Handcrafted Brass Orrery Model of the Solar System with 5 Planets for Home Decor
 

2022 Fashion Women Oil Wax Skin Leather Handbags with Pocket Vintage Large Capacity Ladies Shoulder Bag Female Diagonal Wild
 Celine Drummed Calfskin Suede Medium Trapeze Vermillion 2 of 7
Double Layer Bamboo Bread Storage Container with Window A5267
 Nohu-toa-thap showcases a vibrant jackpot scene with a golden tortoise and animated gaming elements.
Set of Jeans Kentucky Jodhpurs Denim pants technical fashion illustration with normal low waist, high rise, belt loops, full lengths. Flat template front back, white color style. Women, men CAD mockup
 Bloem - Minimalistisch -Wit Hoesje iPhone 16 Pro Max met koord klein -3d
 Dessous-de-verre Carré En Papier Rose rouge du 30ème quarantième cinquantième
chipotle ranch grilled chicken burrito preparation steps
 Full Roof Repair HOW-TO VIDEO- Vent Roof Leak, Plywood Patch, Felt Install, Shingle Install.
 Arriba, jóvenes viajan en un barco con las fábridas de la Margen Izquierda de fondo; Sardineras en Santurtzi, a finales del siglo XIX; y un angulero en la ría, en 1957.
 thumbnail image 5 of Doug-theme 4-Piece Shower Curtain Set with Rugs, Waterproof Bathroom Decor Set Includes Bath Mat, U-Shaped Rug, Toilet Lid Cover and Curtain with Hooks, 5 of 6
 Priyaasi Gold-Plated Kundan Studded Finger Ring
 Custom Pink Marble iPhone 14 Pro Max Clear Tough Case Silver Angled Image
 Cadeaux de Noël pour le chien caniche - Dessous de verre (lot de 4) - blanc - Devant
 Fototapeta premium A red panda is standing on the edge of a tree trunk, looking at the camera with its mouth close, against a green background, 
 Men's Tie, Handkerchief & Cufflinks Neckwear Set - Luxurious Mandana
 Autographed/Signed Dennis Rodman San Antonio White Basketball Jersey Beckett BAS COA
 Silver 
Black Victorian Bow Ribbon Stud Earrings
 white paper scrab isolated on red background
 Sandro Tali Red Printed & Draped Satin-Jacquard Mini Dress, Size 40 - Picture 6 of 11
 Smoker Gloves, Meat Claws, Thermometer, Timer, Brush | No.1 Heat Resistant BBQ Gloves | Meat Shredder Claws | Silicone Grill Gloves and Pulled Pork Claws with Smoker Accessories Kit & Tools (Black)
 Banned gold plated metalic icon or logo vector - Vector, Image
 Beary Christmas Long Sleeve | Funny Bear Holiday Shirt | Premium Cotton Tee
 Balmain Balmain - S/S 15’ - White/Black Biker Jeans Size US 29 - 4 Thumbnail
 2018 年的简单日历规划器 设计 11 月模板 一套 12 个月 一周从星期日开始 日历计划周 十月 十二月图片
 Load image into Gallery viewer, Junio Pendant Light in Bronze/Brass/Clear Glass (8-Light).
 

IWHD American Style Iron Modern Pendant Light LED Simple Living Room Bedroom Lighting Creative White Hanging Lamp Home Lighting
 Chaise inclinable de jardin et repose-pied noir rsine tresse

----------------------------------------

● **WHAT THE TASK ASKS**: Would you restate word for word every line from the one holding "Balmain Balmain - S/S" to the end of the entries, both ends included?

● **RESULT BELOW**:
 Balmain Balmain - S/S 15’ - White/Black Biker Jeans Size US 29 - 4 Thumbnail
 2018 年的简单日历规划器 设计 11 月模板 一套 12 个月 一周从星期日开始 日历计划周 十月 十二月图片
 Load image into Gallery viewer, Junio Pendant Light in Bronze/Brass/Clear Glass (8-Light).
 

IWHD American Style Iron Modern Pendant Light LED Simple Living Room Bedroom Lighting Creative White Hanging Lamp Home Lighting
 Chaise inclinable de jardin et repose-pied noir rsine tresse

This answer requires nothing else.